Task directions:
In the listing below, find the line with "Single-family home in" and copy every line from there up to and including the line with "Daripada mubazir mending", exactly and without pictures.

Records for this exercise:
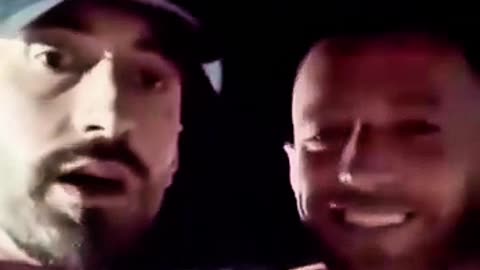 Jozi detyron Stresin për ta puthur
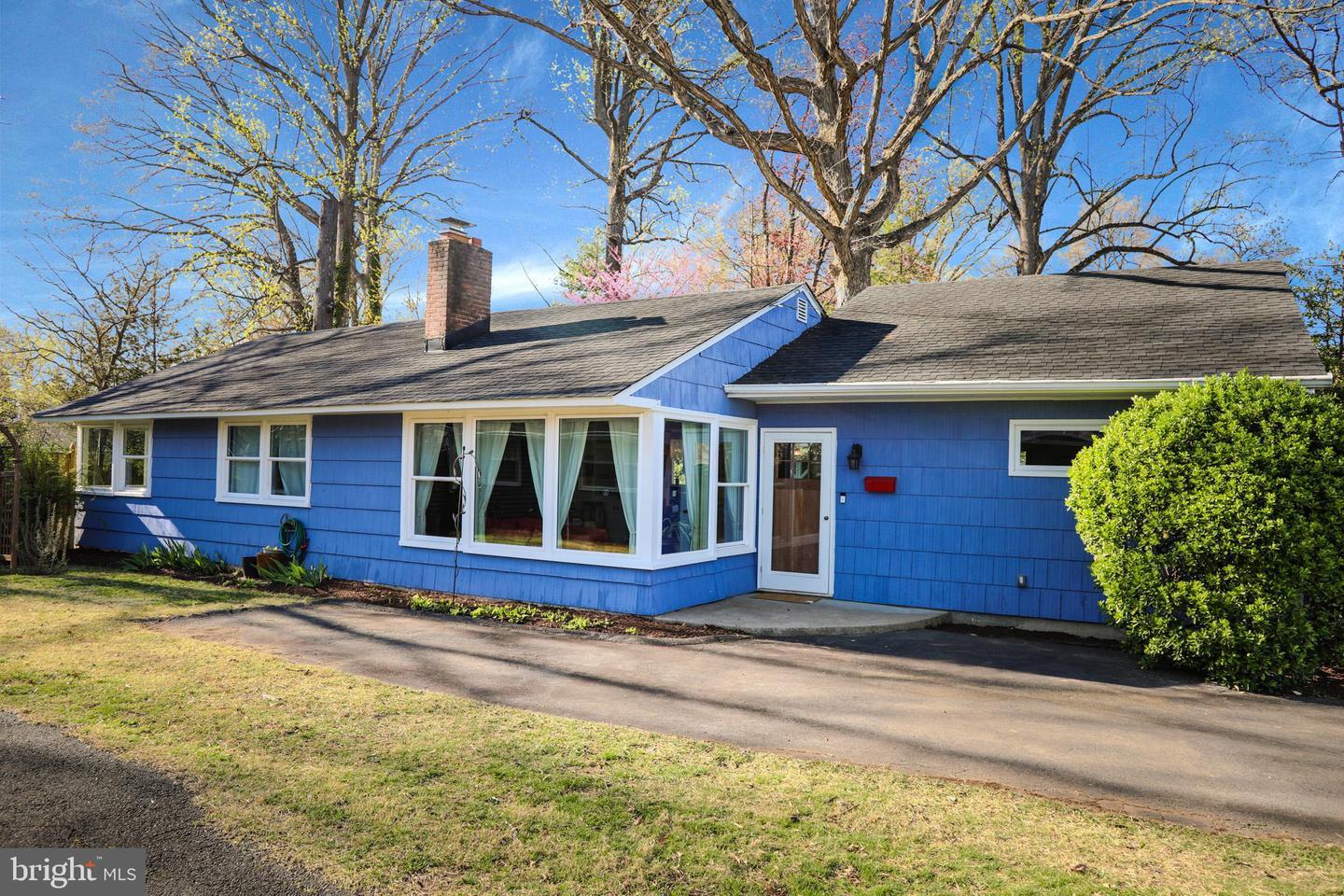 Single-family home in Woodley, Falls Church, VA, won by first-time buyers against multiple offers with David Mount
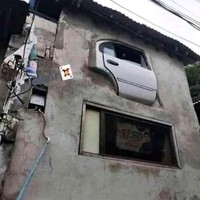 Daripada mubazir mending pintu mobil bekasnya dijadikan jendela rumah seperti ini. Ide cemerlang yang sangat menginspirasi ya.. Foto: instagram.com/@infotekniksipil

* * *

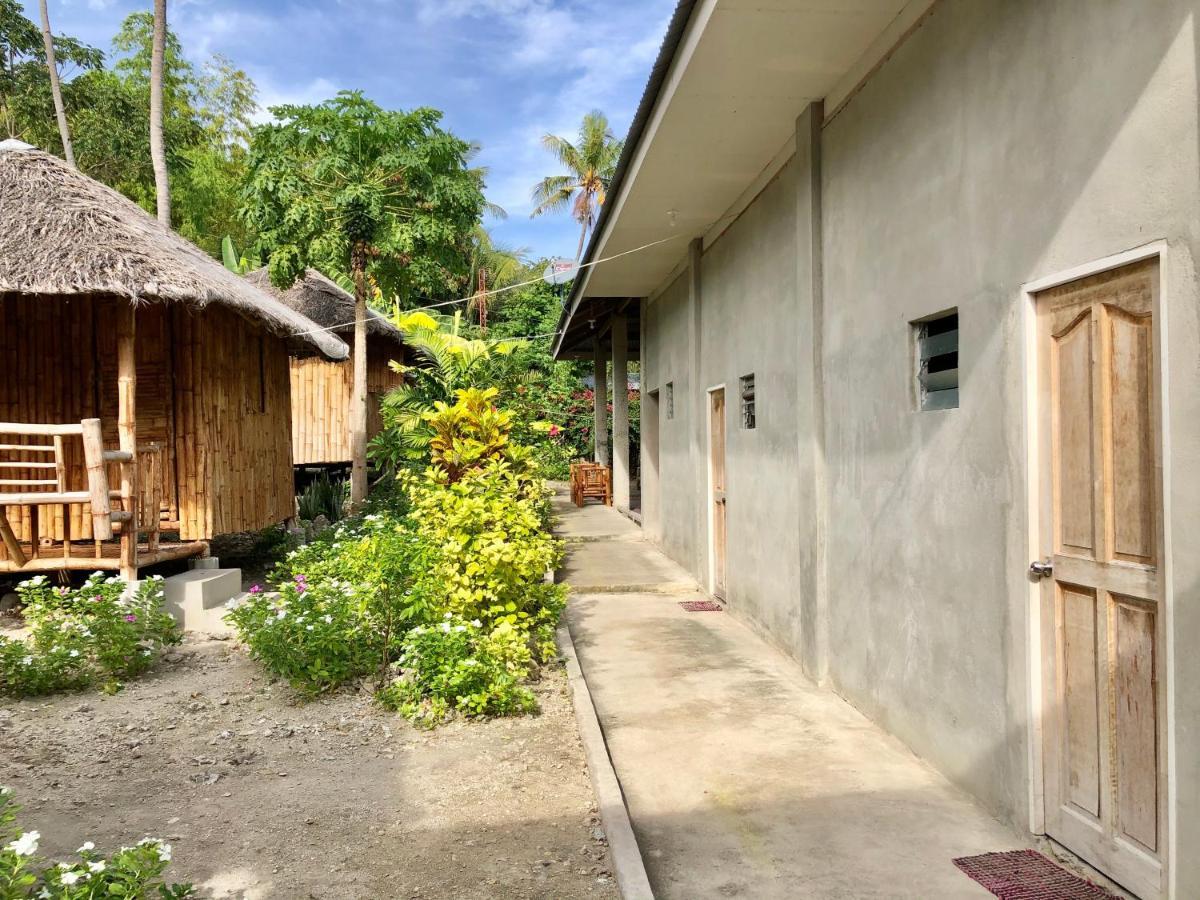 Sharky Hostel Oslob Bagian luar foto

Task solution:
 Single-family home in Woodley, Falls Church, VA, won by first-time buyers against multiple offers with David Mount
 Daripada mubazir mending pintu mobil bekasnya dijadikan jendela rumah seperti ini. Ide cemerlang yang sangat menginspirasi ya.. Foto: instagram.com/@infotekniksipil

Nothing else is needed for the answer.